Segment Start: Input
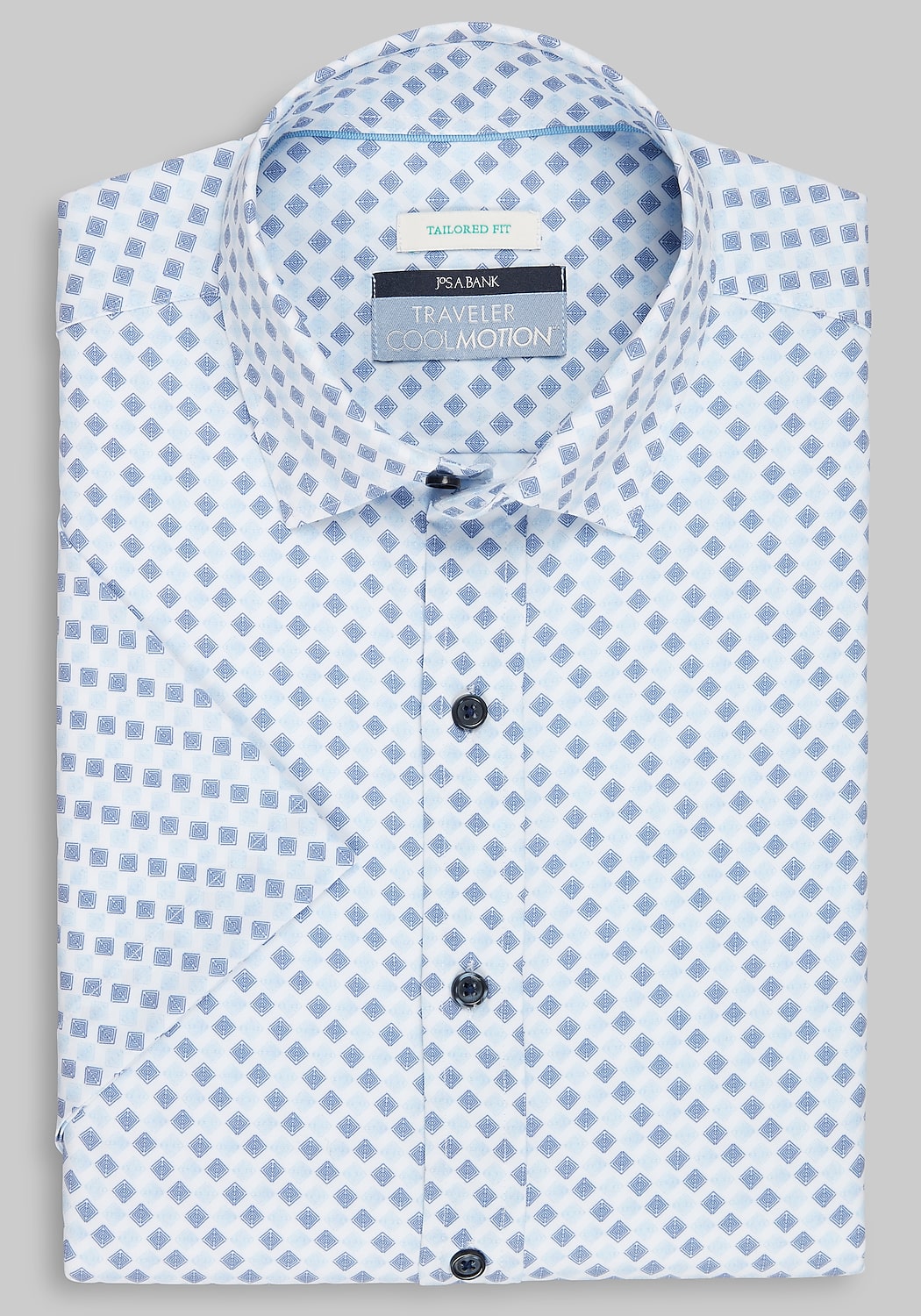 Traveler Collection Tailored Fit Diamond 4-Way Stretch Short Sleeve Sportshirt - Big & Tall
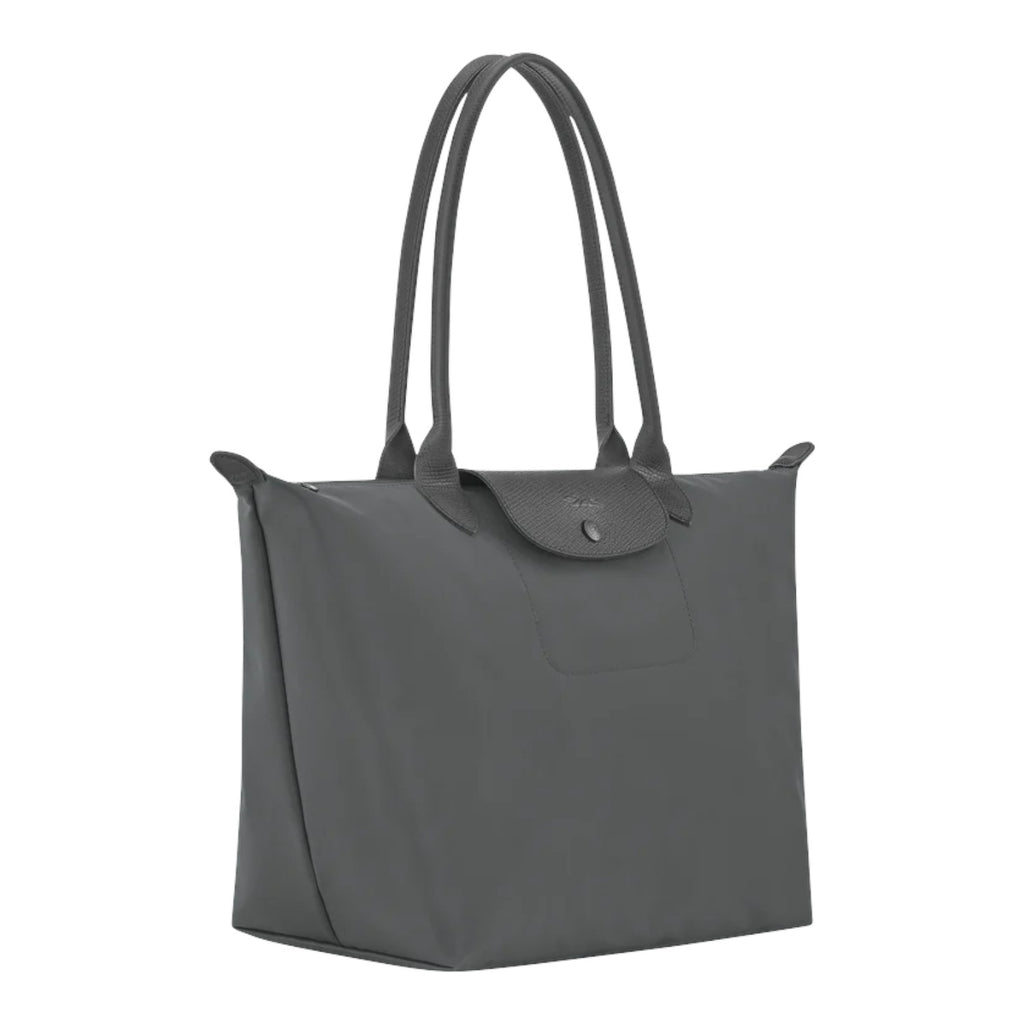 Lieblingstasche Le Pliage One L tote bag in grey nylon with leather trim and snap closure.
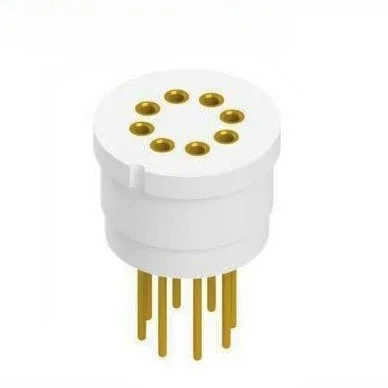 TF58 8-Pin PTFE Precision IC Socket for TO-5 – Gold-Plated Beryllium Copper Contacts, High-Temp -200°C to +260°C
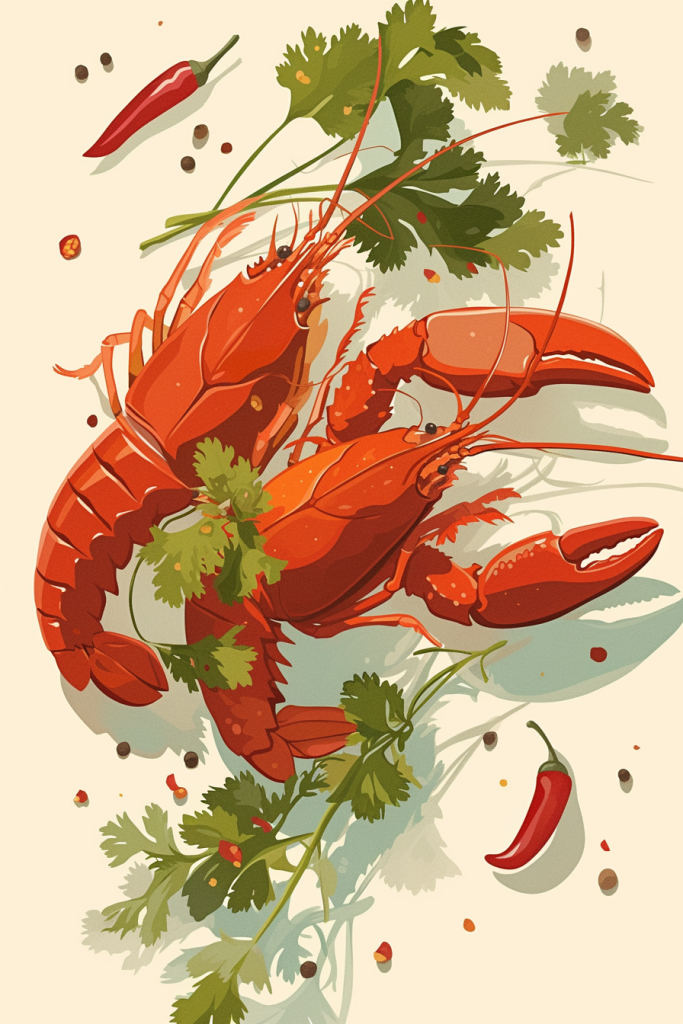 海鲜小龙虾插画素材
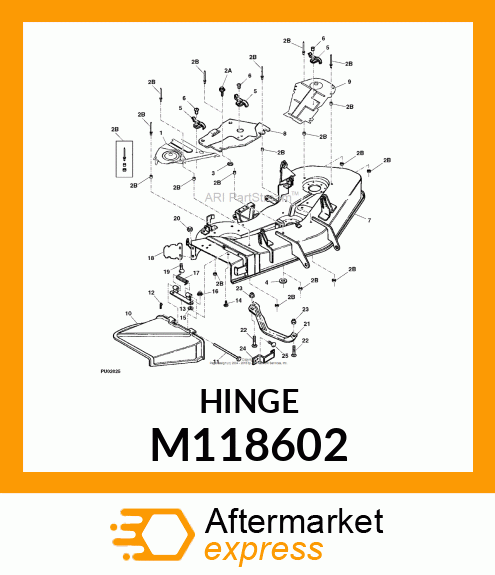 HINGE, PAINTED M83411 (YELLOW) M118602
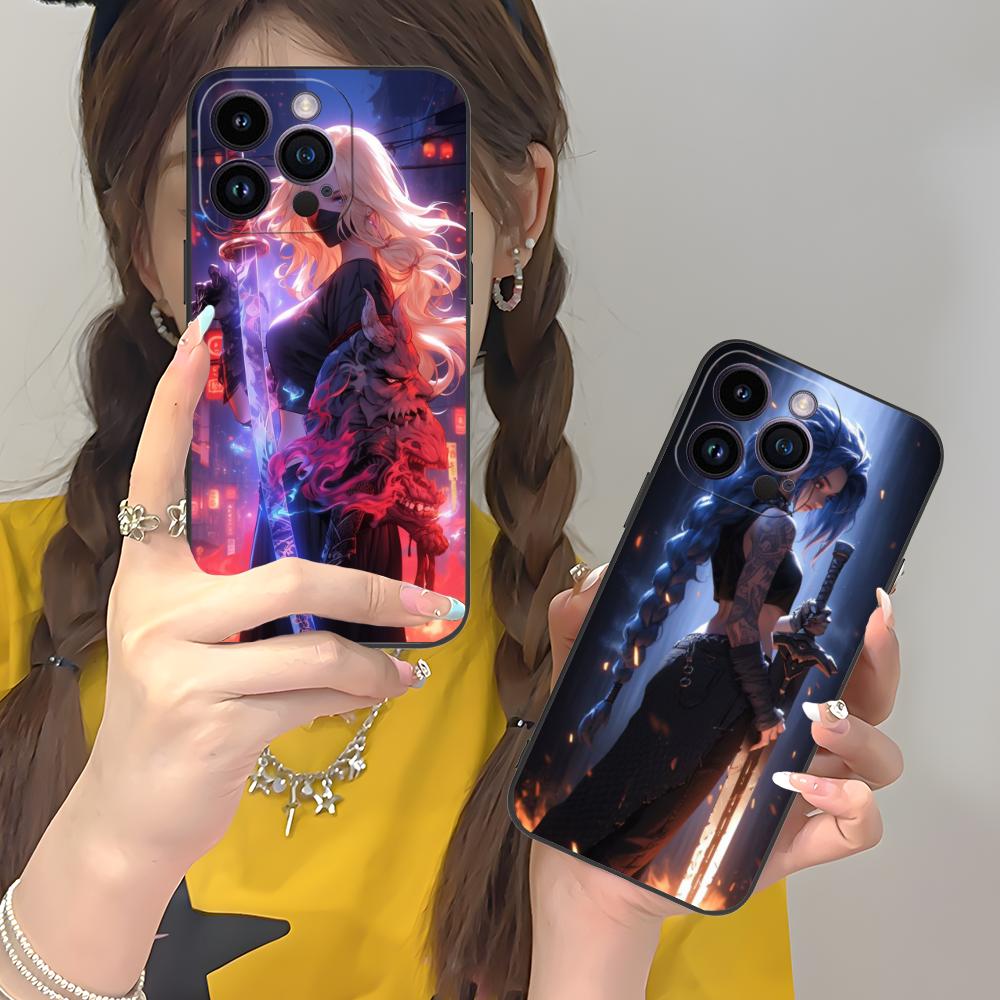 Anime Girl Mobile Phone Case for iPhone 17 16 15 14 13 12 11 X XR XS 8 7 Air Pro Max Plus Mini Colorful Cover Pretty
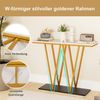 COSTWAY Konsolentisch, schmal 100cm, Flurtisch Marmor Optik, Metallgestell Gold Bild 4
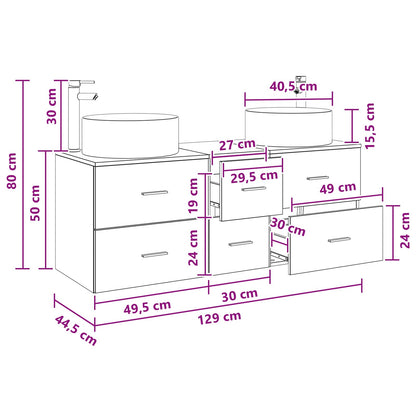 Bathroom Furniture Set 3 pcs White 49.5 x 44.5 x 65.5 cm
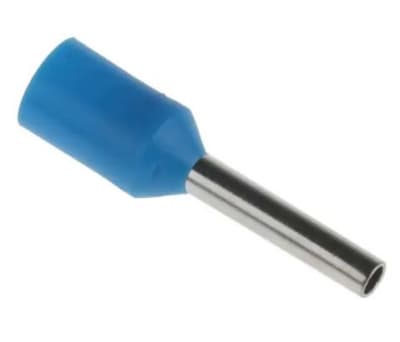 Product image for RS PRO Insulated Crimp Bootlace Ferrule, 8mm Pin Length, 1.5mm Pin Diameter, 0.75mm² Wire Size, Blue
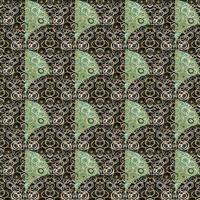 Decorative kaleidoscope mosaic ornament. Circle shapes seamless pattern. Doodle style. vector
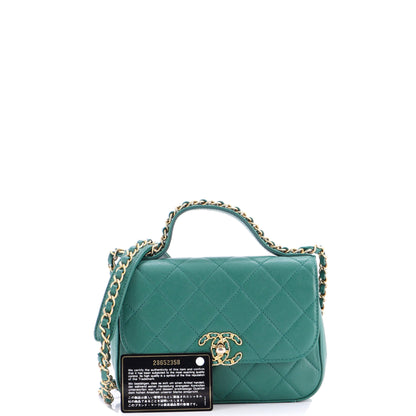 シャネル チェーン インフィニティ トップハンドルバッグ キルティング ラムスキン ミニ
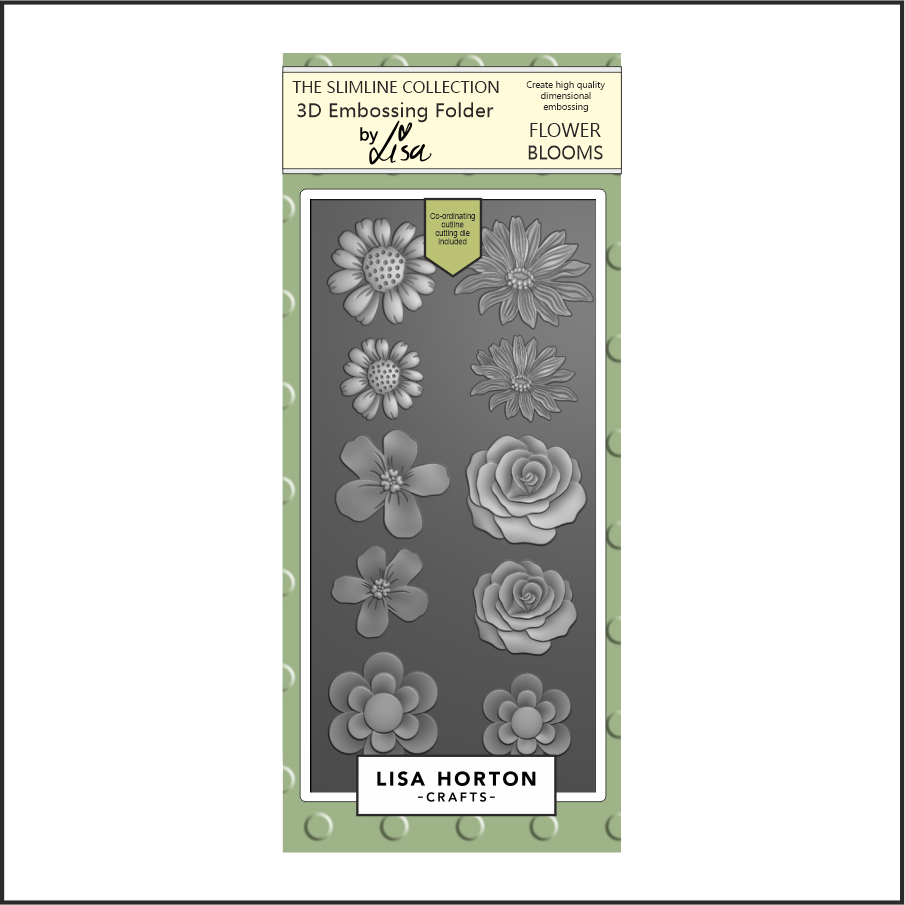 Lisa Horton Crafts Flower Blooms DL 3D Embossing Folder with Dies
Segment End: Input
▶ _Exercise directions_
Leave out the pictures, then reproduce exactly the run of lines from the one that contains "Bathroom Furniture Set" to the final line of the listing above.

▶ _Answer for the task_
 Bathroom Furniture Set 3 pcs White 49.5 x 44.5 x 65.5 cm
 Product image for RS PRO Insulated Crimp Bootlace Ferrule, 8mm Pin Length, 1.5mm Pin Diameter, 0.75mm² Wire Size, Blue
 Decorative kaleidoscope mosaic ornament. Circle shapes seamless pattern. Doodle style. vector
 シャネル チェーン インフィニティ トップハンドルバッグ キルティング ラムスキン ミニ
 Lisa Horton Crafts Flower Blooms DL 3D Embossing Folder with Dies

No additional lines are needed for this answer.